En la présente espèce, la déclaration d'accident du travail a été établie par l'employeur le 29 avril 2020. Elle indique que l'accident serait survenu le 28 avril 2020 à 9h45 dans les circonstances suivantes : en enroulant une bobine coton sur le mandrin de la machine idoine, l'index droit de la salariée aurait été entraîné entre deux plis de la bobine. La déclaration ne fait état d'aucun témoin. Le certificat médical initial a été établi le 29 avril 2020, soit le lendemain des faits, et fait état d'une entorse de l'annexe droit. Le certificat médical de prolongation du 11 mai 2020 fait état d'une fracture de la base de la phalange n° 1 du deuxième doigt de la main droite.
Si le certificat médical initial est compatible avec les déclarations de la victime, en ce que la blessure peut être la conséquence de l'entraînement du doigt entre les plis de la bobine, aucune explication n'est donnée sur le fait que cet accident étant survenu, selon la victime, le 28 avril à 9h45, aucun témoin n'y a assisté, ni aucune personne contactée durant l'ensemble de la journée de travail, alors que l'accident a occasionné des lésions ayant nécessité un arrêt de travail qui a été prolongé le 11 mai après affinement du diagnostic en direction d'une lésion plus importante.
Dès lors, les éléments exposés par la caisse sont insuffisants pour créer le faisceau d'indices permettant de démontrer qu'une lésion est apparue au temps et au lieu de travail.
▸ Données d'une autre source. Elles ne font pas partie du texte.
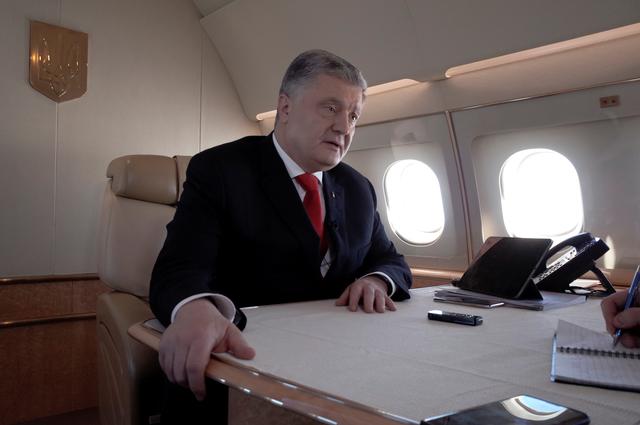 Ukraine's President Petro Poroshenko speaks during an interview with Reuters on board his plane on the way from Berlin to Paris at an unknown location in France, April 12, 2019. REUTERS/Sergiy Karazy
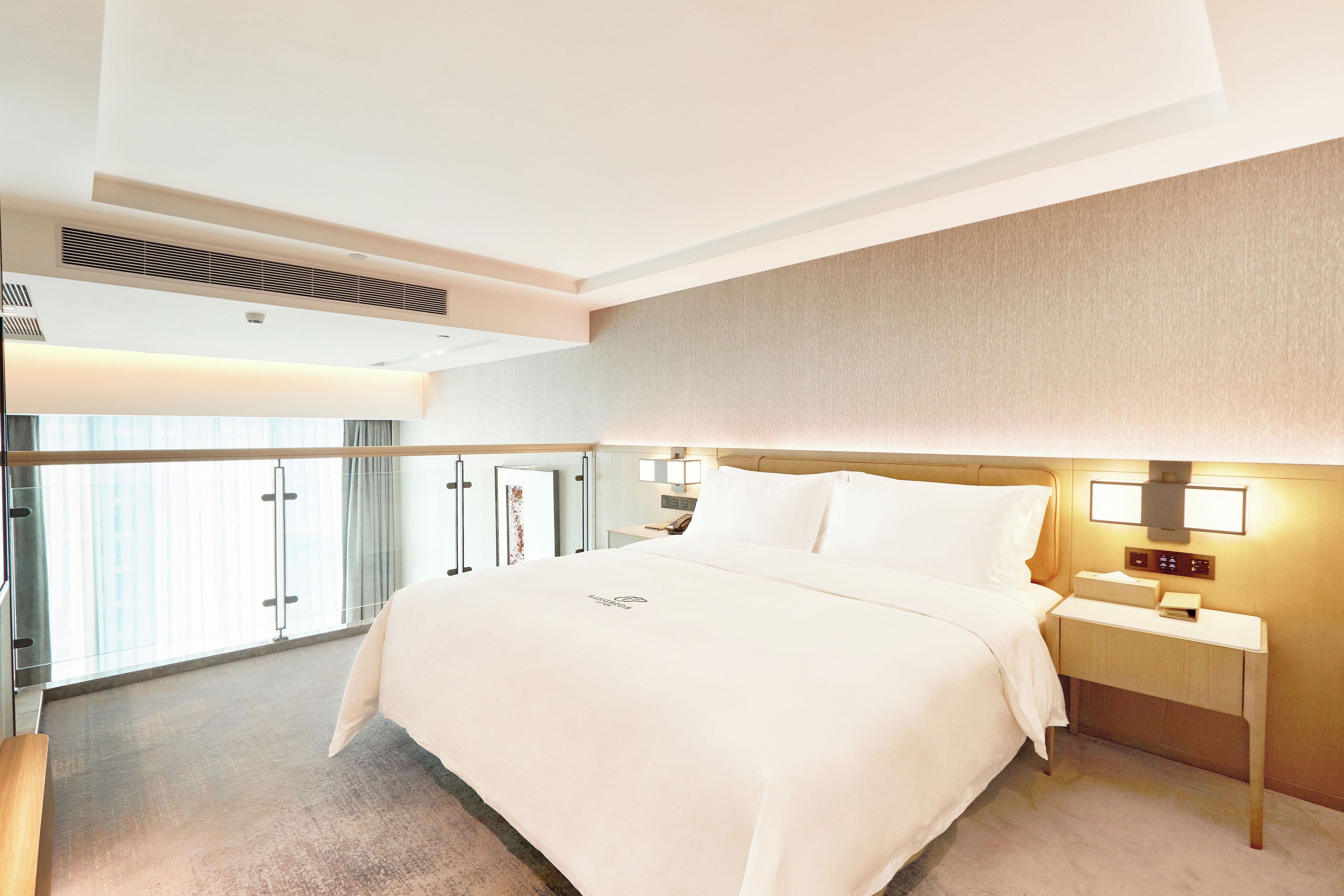 A hotel room with a large bed, bedside tables, a nightstand, a window with curtains, and a view of the outside.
La décision de reconnaissance de l'accident du travail dont a été victime la salariée de la société lui sera donc déclarée inopposable.
Le jugement sera donc confirmé.
La Caisse Primaire d'Assurance Maladie du Rhône, qui succombe, sera condamnée aux dépens.
PAR CES MOTIFS,
LA COUR,
DÉCLARE recevable l'appel de la Caisse Primaire d'Assurance Maladie du Rhône ;
CONFIRME le jugement rendu le 27 mai 2021 par le tribunal judiciaire de Bobigny en ses dispositions soumises à la cour ;
CONDAMNE la Caisse Primaire d'Assurance Maladie du Rhône aux dépens.